:: Provided records ::
================
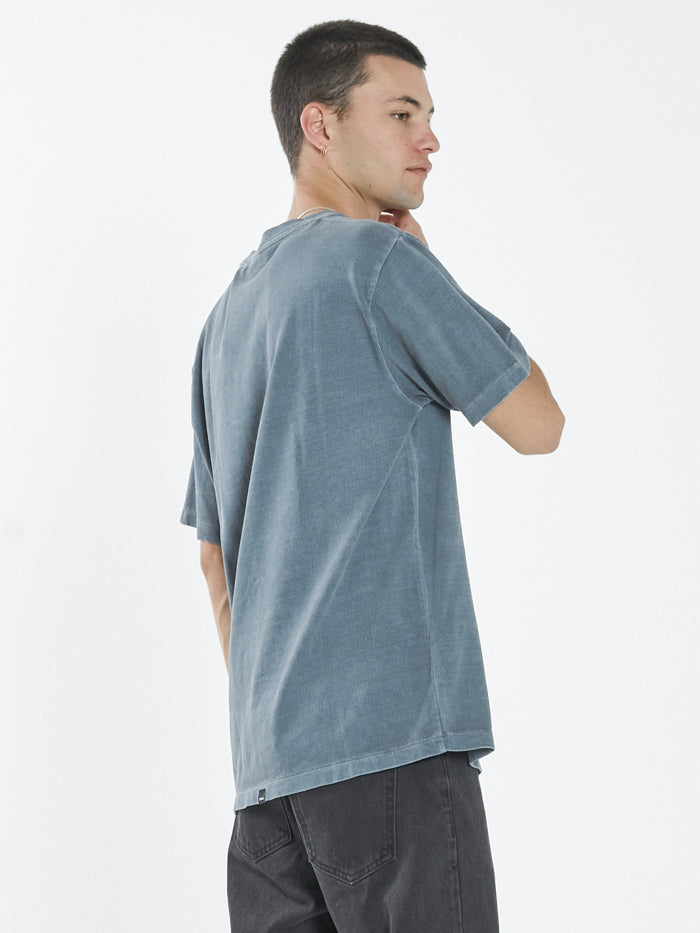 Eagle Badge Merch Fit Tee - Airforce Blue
================
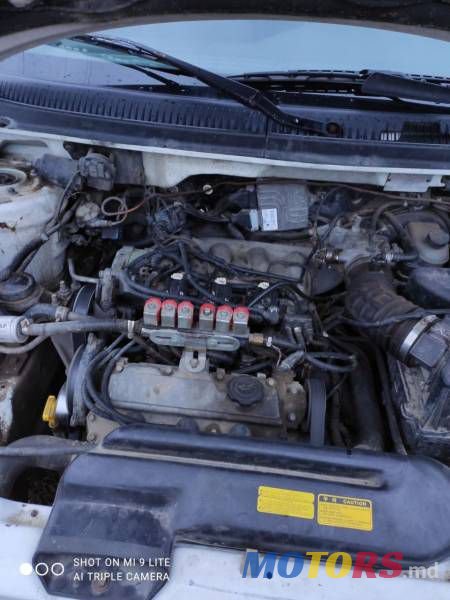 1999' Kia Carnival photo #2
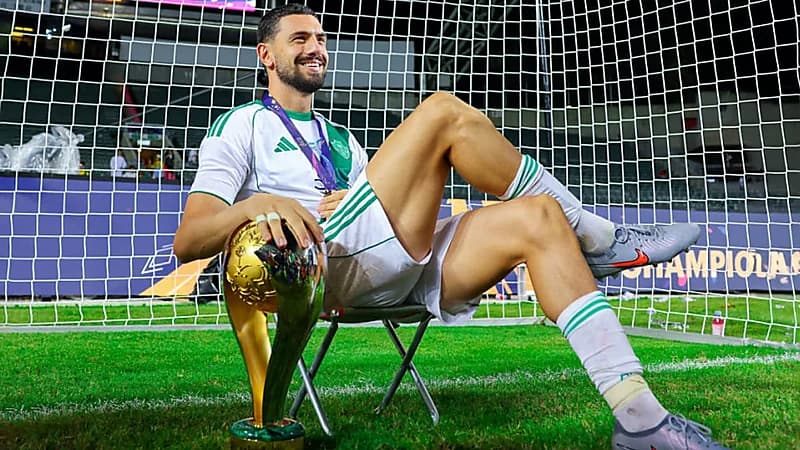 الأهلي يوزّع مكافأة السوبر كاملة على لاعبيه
================
:: Task objective ::
The reply should hold exactly the lines above, starting at the line with "1999' Kia Carnival photo #2" and ending at the line with "الأهلي يوزّع مكافأة السوبر كاملة على لاعبيه", and no pictures.

:: Reply ::
 1999' Kia Carnival photo #2
 الأهلي يوزّع مكافأة السوبر كاملة على لاعبيه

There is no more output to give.